【研究成果】2013年
研究成果65
Raman and SERS microscopy for molecular imaging of live cells
Almar F Palonpon, Jun Ando, Hiroyuki Yamakoshi, Kosuke Dodo, Mikiko Sodeoka, Satoshi Kawata & Katsumasa Fujita
nature protocols 690 | VOL.8 NO.4 | 2013 |
A protocol is given for constructing and using a Raman microscope equipped with both a slit-scanning excitation and detection system (high temporal and spatial resolution) and a laser steering and nanoparticle-tracking system (dynamic surface-enhanced Raman imaging using gold nanoparticles). Both features enable mapping of the distributions of molecules in live cells and visualization of cellular transport pathways. Furthermore, its utility can be expanded to small-molecule imaging by using tiny Raman-active tags such as alkyne. For example, DNANA synthesis in a cell can be visualized by detecting 5-ethynyl-2′ -deoxyuridine (EdU), a deoxyuridine derivative with an alkyne moiety. We describe the optics, hardware and software to construct the Raman microscope, and discuss the conditions and parameters involved in live-cell imaging. The whole system can be built in ~8 h.

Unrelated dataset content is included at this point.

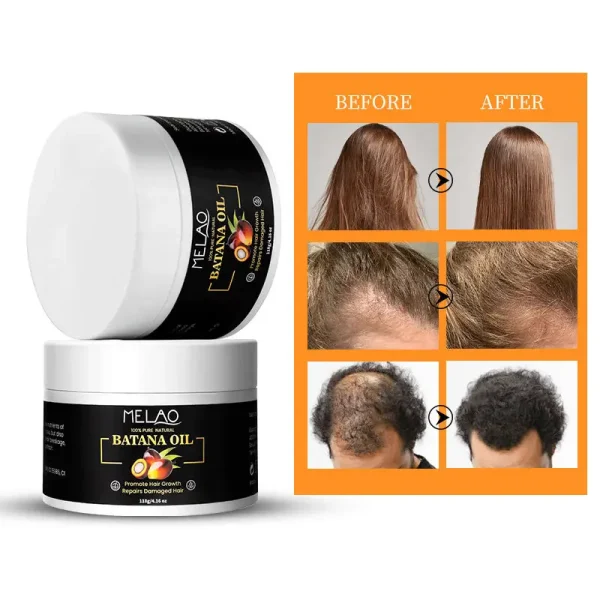 Private Label Deeply Moisturize Wholesale Natural Organic Smooth Repair Dryness Prevent Hair Loss Hair Growth Batana Oil - Image 3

Raman images of alkyne-tagged cell proliferation probe, EdU, in HeLa cells. (a–d) These show the distribution of signal corresponding to 749 (a), 1685 (b), 2123 (c) and 2856 cm−1 (d). (e) The overlay image was constructed by merging the images at 749, 2123 and 2856 cm−1, which are assigned to the green, blue and red channels, respectively. The excitation laser wavelength was 532 nm. The light intensity at the sample was 3.3 mW μm−2. The exposure time for each line was 10 s. The total number of lines of exposure was 192, and the images consist of 192 × 280 pixels. (f) Average Raman spectra from the cytoplasm, nucleus and extracellular region. a.u., arbitrary units.